Archive for: January 2008
January 30, 2008
Ya. I know. Boring. But, I’m laying the groundwork for something interesting. Well, I think it’s interesting.
In the last episode I talked about what content is, where to find it, and what it is made up of. In this edition I want to explore the way words come together to make our content.
There are a couple of terms that should be defined before I get much farther into this mess.
In a dictionary, the lemma “go” represents the inflected forms “go”, “goes”, “going”, “went”, and “gone”. The relationship between an inflected form and its lemma is usually denoted by an angle bracket, e.g. “went” < “go”………….
Lemmas are used often in corpus linguistics for determining word frequency. In such usage the specific definition of “lemma” is flexible depending on the task it is being used for.
From Apple Developer.
A collection of one or more documents, typically related, and available to an information retrieval system. Plural: corpora.

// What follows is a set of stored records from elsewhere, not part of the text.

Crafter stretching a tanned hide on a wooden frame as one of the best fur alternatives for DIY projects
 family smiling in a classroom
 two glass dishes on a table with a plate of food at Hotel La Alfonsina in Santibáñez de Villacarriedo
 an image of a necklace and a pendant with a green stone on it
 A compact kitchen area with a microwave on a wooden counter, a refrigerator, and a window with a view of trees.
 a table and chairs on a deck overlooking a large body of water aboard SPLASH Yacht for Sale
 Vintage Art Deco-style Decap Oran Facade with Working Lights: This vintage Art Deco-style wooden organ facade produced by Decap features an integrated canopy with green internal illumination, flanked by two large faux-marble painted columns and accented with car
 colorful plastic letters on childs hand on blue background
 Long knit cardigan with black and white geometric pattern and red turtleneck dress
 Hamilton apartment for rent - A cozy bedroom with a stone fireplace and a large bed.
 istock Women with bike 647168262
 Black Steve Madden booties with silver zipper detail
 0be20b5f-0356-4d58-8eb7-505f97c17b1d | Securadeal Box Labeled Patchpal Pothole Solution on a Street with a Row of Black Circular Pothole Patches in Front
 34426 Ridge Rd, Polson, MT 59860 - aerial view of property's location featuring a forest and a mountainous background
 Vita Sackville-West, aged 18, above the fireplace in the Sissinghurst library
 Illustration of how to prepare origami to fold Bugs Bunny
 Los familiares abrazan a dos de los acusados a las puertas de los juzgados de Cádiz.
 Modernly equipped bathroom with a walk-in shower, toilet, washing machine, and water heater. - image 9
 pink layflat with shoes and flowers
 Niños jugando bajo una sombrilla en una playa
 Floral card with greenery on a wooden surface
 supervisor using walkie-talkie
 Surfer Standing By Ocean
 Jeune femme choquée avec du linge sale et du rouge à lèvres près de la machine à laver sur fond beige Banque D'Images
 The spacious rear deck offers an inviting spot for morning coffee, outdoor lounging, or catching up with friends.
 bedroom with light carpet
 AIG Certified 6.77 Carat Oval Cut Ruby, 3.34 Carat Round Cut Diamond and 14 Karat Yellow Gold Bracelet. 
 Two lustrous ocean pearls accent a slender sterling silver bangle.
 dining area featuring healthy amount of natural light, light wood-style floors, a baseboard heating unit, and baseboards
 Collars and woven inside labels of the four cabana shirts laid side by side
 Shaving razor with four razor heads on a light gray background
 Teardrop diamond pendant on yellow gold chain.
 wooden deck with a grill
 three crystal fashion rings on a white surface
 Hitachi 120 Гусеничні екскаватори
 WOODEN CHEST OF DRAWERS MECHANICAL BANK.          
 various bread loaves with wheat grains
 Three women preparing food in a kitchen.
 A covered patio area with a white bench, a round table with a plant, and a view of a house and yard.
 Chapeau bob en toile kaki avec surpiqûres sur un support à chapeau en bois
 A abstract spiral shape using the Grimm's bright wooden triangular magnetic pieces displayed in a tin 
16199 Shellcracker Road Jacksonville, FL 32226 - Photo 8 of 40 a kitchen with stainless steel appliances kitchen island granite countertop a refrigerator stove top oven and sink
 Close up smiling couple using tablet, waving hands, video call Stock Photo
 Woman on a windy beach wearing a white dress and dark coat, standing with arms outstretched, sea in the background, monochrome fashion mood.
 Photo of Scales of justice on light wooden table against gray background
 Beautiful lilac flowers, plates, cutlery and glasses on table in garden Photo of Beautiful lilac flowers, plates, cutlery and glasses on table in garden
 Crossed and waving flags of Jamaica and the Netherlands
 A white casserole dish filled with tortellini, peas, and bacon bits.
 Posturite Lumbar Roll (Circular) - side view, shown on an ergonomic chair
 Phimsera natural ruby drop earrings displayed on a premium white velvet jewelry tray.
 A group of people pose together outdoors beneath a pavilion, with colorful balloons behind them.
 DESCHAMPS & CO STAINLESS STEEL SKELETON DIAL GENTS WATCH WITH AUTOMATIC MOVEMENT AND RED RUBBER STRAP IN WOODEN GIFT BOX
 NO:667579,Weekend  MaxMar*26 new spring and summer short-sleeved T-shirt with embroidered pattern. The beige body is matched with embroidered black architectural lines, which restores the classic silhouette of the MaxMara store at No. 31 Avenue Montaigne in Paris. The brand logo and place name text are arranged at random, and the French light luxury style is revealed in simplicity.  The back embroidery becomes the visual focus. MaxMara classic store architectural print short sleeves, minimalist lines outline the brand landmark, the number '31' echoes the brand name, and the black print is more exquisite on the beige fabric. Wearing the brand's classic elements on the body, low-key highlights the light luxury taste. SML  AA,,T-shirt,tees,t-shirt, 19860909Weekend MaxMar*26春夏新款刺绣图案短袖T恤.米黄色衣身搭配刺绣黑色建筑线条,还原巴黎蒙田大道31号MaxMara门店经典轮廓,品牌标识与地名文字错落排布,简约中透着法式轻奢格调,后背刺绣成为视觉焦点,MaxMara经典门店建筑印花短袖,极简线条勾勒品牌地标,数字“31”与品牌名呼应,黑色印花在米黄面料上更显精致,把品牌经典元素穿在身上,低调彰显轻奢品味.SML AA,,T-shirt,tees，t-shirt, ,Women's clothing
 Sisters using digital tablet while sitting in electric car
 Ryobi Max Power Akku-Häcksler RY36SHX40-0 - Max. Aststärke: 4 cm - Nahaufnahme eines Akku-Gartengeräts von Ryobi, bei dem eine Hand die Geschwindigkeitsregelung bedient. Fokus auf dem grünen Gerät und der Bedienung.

From Macmillan English Dictionary.
a collection of written and/or spoken language stored on a computer and used for language research and writing dictionaries
Yep, pretty heavy stuff. There’s a point to all of this, so stay with me.
I made a reference to the Oxford site in the last post, and it’s time to revisit that page. The link will open a new window and you may want to leave it open as we study a few things on that page. AskOxford: Language Facts
In the fifth paragraph, the author cites some interesting facts. For instance, “Just ten different lemmas (the, be, to, of, and, a, in, that, have, and I) account for a remarkable 25% of all the one billion words used in the Oxford English Corpus. If you were to read through the corpus, one word in four would be an example of one of these ten lemmas. Similarly, the 100 most common lemmas account for 50% of the corpus, and the 1,000 most common lemmas account for 75%. But to account for 90% of the corpus you would need a vocabulary of 7,000 lemmas, and to get to 95% the figure would be around 50,000 lemmas.” The remaining 5% might only show up once in several million.
My takeaway on this is the statement that the 1k most common lemmas will cover 75% of the corpus. The author states that the Oxford corpus is in the range of one billion words!
If my ‘old’ math is working, that means that about one-thousand base words would cover 750 million words (in their corpus). Impressed the hell outa me.
Further, the author states that 25k lemmas will represent the set of most significant words in English: those which occur reasonably frequently and which account for all but a small part of everything we may encounter in speech or writing. It includes all the words that we actively use in general everyday life.
Now, go take a gander at the table the author has under the heading ‘What is the commonest word?’. That’s the 100 most common English words. Are you beginning to see some light in this deep dark cave I’ve built for you?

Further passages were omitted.